To pacify Sekhmet, festivals were celebrated at the end of battle, so that the destruction would come to an end. During an annual festival held at the beginning of the year, a festival of intoxication, the Egyptians danced and played music to soothe the wildness of the goddess and drank great quantities of wine ritually to imitate the extreme drunkenness that stopped the wrath of the goddess—when she almost destroyed humanity. This may relate to averting excessive flooding during the inundation at the beginning of each year as well, when the Nile ran blood-red with the silt from up-stream and Sekhmet had to swallow the overflow to save humankind.

In a myth about the end of Ra’s rule on the earth, Ra sends Hathor or Sekhmet to destroy mortals who conspired against him. In the myth, Sekhmet’s blood-lust was not quelled at the end of battle and led to her destroying almost all of humanity, so Ra poured out beer dyed with red ochre or haematite so that it resembled blood. Mistaking the beer for blood, she became so drunk that she gave up the slaughter and returned peacefully to Ra. The same myth was also described in the prognosis texts of the Calendar of Lucky and Unlucky Days of papyrus Cairo 86637, where the actions of Sekhmet, Horus, Ra and Wadjet were connected to the eclipsing binary Algol.
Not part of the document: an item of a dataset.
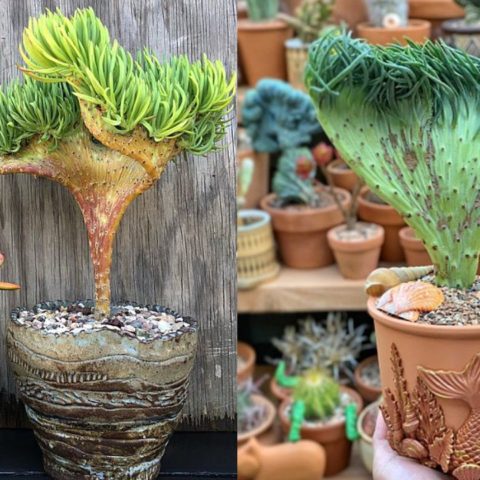 suculenta cola sirena planta especie cuidados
Sekhmet later was considered to be the mother of Maahes, a deity who appeared during the New Kingdom period. He was seen as a lion prince, the son of the goddess. The late origin of Maahes in the Egyptian pantheon may be the incorporation of a Nubian deity of ancient origin in that culture, arriving during trade and warfare or even, during a period of domination by Nubia. During the Greek dominance in Egypt, note was made of a temple for Maahes that was an auxiliary facility to a large temple to Sekhmet at Taremu in the delta region (likely a temple for Bast originally), a city which the Greeks called Leontopolis, where by that time, an enclosure was provided to house lions.